Wednesday 12 October 2011

A most timely conspiracy

Here’s an excellent reason not to believe everything we’re being told about the Great Iranian Plot to Blow Up Washington:

WASHINGTON (AP) — The Obama administration plans to leverage charges that Iran plotted to assassinate Saudi Arabia’s ambassador to the United States into a new global campaign to isolate the Islamic republic.

The fit is too neat. Maybe there was such a plot to kill the Saudi ambassador and slaughter a few random diners, and maybe somebody from Iran was involved. But, I’m sorry, the government that brought us the weapons-of-mass-destruction-that-never-were and caused a horrific war with that package of lies shoulders a very, very heavy burden of proof. We don’t believe what they say just because they say it.

Early commentators point out the gross amateurishness of the affair, starting with the use of an alert-triggering $100,000 bank transfer when spy agencies know to use cash instead. There will be more details today, and they should be interesting. But let us also note that the U.S. security services are now heavily engaged, as a matter of policy, in targeting supposed national enemies and generating plots to ensnare them.

A fascinating piece in a recent New York magazine [searching for link, stay tuned] outlined how it’s done: you infiltrate a mosque or a social club of the target ethnicity, talk about how much you hate U.S. policy in Israel or Afghanistan and then encourage whomever takes the bait to start planning a terrorist attack. Once you have a taker, you nurse the plot along, provide arms or money, record and videotape everything, and then bust the sap. The article cites law enforcement sources arguing that this procedure is necessary to pro-actively prevent terrorism even though the plots might never have come to fruition without the role of the security agency charged with frustrating them.
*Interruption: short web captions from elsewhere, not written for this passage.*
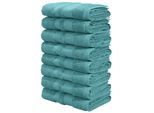 Handtücher OTTO HOME "Vanessa, 8 Handtücher, 50x100cm, in Standard- und Premium-Qualität", petrol, B:50cm L:100cm, Walkfrottee, Obermaterial: 100% Baumwolle, Handtücher, Handtücher, Handtücher mit Bordüre, 100% Baumwolle, einfarbig, weich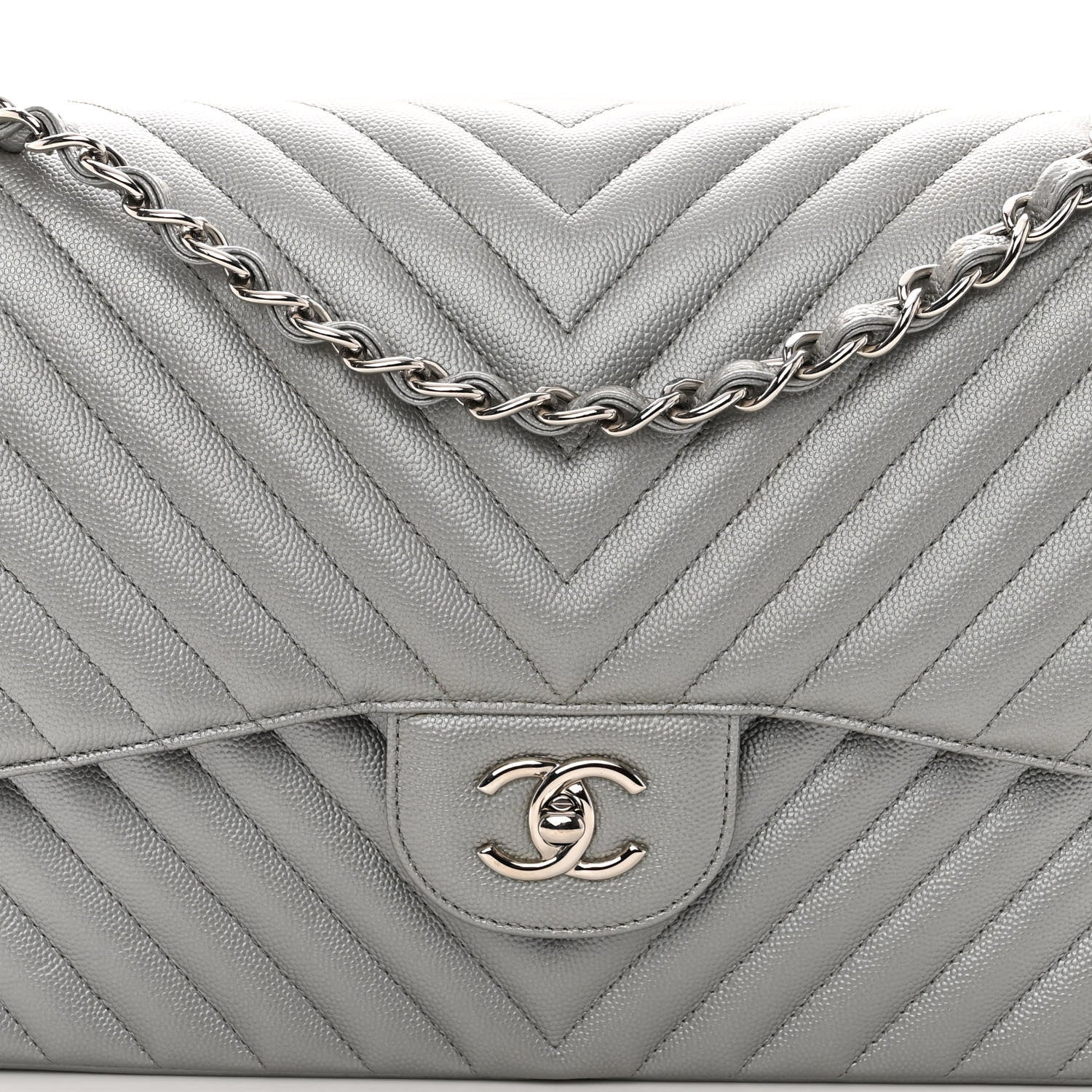 Chanel Metallic Caviar Chevron Quilted Jumbo Double Flap Silver 8 of 10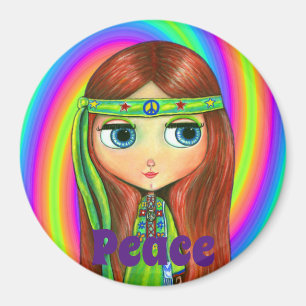 Aimant Poupée Hippie verte Fille Paix Signal Headband mig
The wisdom and prudence of this policy is open to debate, but it seems entirely relevant when plots appear such as the Iranian Restaurant Caper that seamlessly dovetail with the long-term aims of U.S. foreign policy, especially with presidential election season approaching. Just two weeks ago we learned that the Obama Administration had provided Israel with several dozen 5,000-pound ‘bunker buster’ bombs that could be used to strike Iranian nuclear facilities. The transfer occurred in 2009, but the leak is recent—could we be seeing the beginning of a propaganda campaign to justify a new act of war? If so, the assassination plot is a godsend—or perhaps Zeus is a CIA asset.